Segment Open
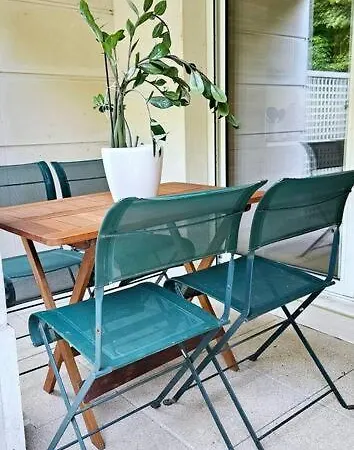 Agreable 2 Pieces A 5 Minutes De Paris Apartament *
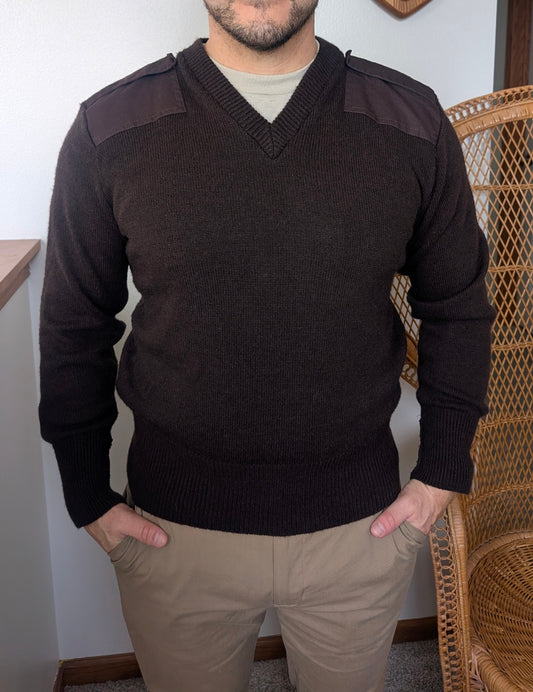 1990s military brown sweater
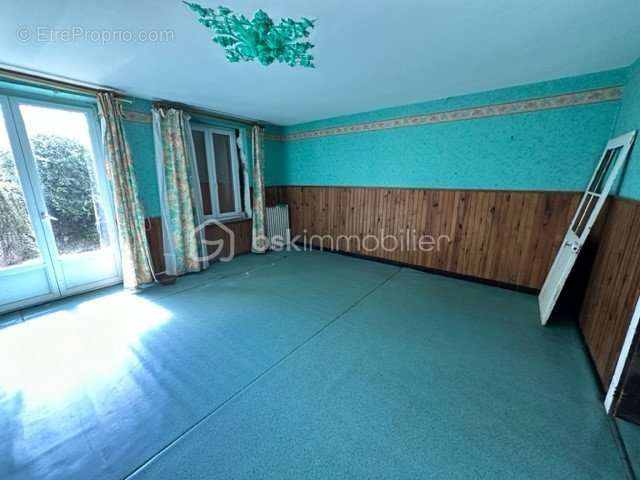 Appartement à ETEIGNIERES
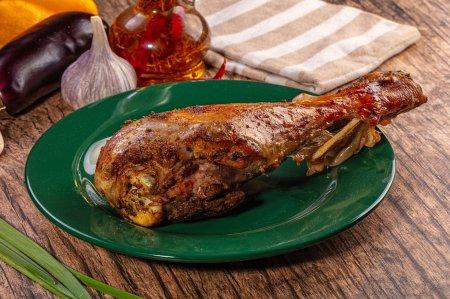 Сочная голень индейки, запеченная в фольге в духовке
Segment Closed
* [What the task requires] From the line containing "Appartement à ETEIGNIERES" down to the last line of the data, print every line exactly and nothing else. Pictures stay out of the copy.

* [Finished task]
 Appartement à ETEIGNIERES
 Сочная голень индейки, запеченная в фольге в духовке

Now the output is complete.